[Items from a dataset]
┌──
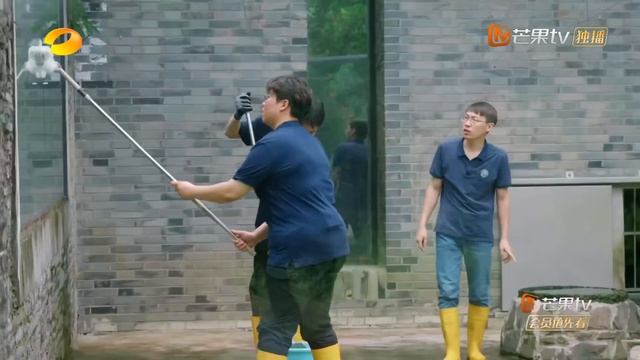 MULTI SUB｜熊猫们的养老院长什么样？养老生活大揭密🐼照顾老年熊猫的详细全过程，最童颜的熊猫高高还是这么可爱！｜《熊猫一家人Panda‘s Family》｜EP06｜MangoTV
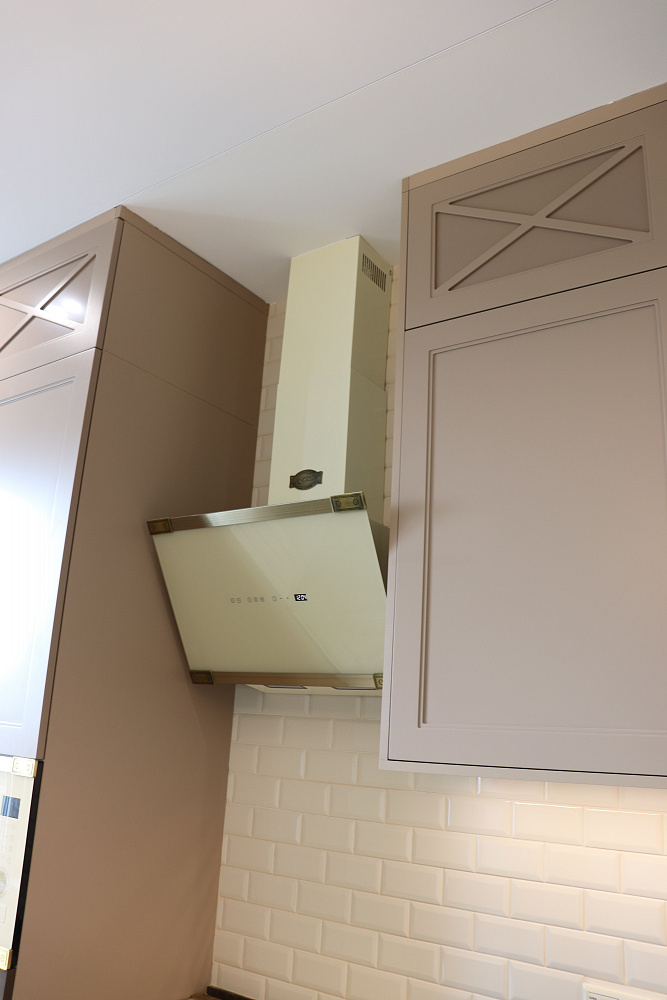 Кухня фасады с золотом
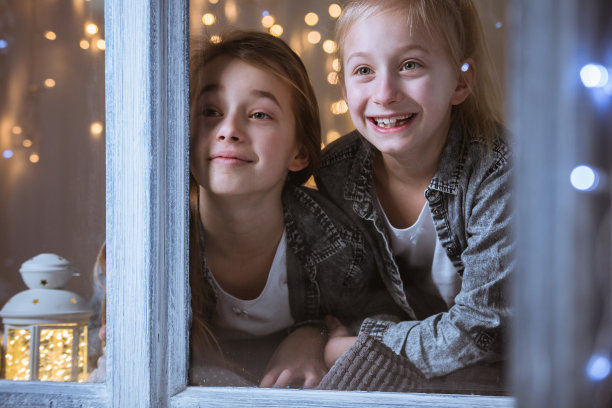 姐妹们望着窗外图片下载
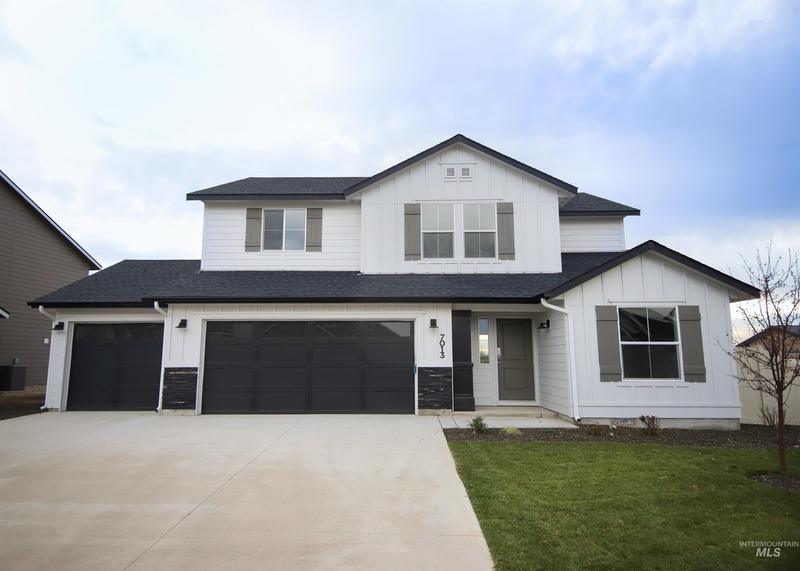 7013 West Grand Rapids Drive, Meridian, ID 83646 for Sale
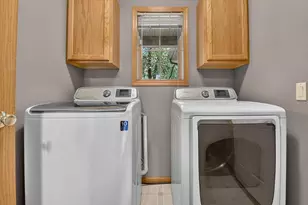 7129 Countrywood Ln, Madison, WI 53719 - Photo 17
└──
┌──
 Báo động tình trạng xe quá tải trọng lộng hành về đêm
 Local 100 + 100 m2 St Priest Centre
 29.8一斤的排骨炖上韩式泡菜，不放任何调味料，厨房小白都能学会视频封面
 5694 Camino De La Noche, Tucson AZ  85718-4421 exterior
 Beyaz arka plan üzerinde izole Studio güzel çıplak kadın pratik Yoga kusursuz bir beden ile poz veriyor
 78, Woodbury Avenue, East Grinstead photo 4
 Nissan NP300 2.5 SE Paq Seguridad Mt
└──
- Your objective: Copy word for word the lines above, starting at the line containing "7013 West Grand" and ending at the line containing "7129 Countrywood Ln, Madison, WI", inclusive, with no pictures.

- Task answer:
 7013 West Grand Rapids Drive, Meridian, ID 83646 for Sale
 7129 Countrywood Ln, Madison, WI 53719 - Photo 17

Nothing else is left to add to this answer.